Rosalía frames forgiveness as discipline rather than surrender. “La Rumba del Perdón” moves like a flamenco parable—street-corner wisdom braided with family myth—arguing that pardon can be an act of power “when power beats out love.” Elsewhere she weighs grief against gratitude. “Memoria” audits what the hurricane left standing; closer “Magnolias” accepts the finite with a hush: “What I never did in my life, you’ll do when I’m dead.” The album signs off with a 1976 Patti Smith recording urging artists to smash their own doors—an almost too-perfect encapsulation of Rosalía’s impulse to keep breaking through.

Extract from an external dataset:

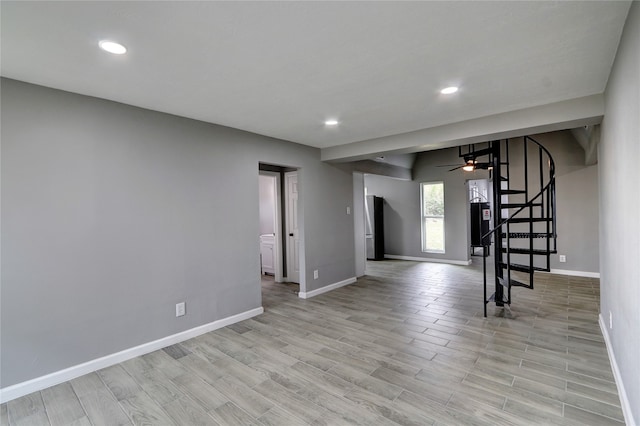 empty room featuring ceiling fan and light hardwood / wood-style floors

If all this sounds heavy, she refuses to be crushed by concept. There’s play in the edges: a giggle at the mic after the apocalyptic “Mio Cristo,” a satirical infomercial’s gleam in “Novia Robot,” a Madonna Instagram salute (“I can’t stop listening! You are a true visionary!!!”). The point isn’t reverence for capital-C Classical; it’s using concert music’s scale to enlarge pop’s emotional bandwidth. The “bangers” are here—they just bloom in unexpected climates.
To hear LUX as intended, follow the artist’s dare: headphones, darkness, no feeds. “The more we are in the era of dopamine, the more I want the opposite,” she said. What emerges is audacious yet accessible, an oratorio of heartbreak and hunger that treats desire as a holy problem and creativity as its unruly solution. Plenty of stars reinvent; few build a sanctuary and invite you to sit still long enough to feel the air change.
Rosalía once described her practice as a pendulum: inventing language on MOTOMAMI, chiseling it into stone on LUX. That feels right. This album doesn’t chase the algorithm; it redraws the map, then lights it from within. Turn off the lights, lean in, and let one of our most singular artists take you there and back again.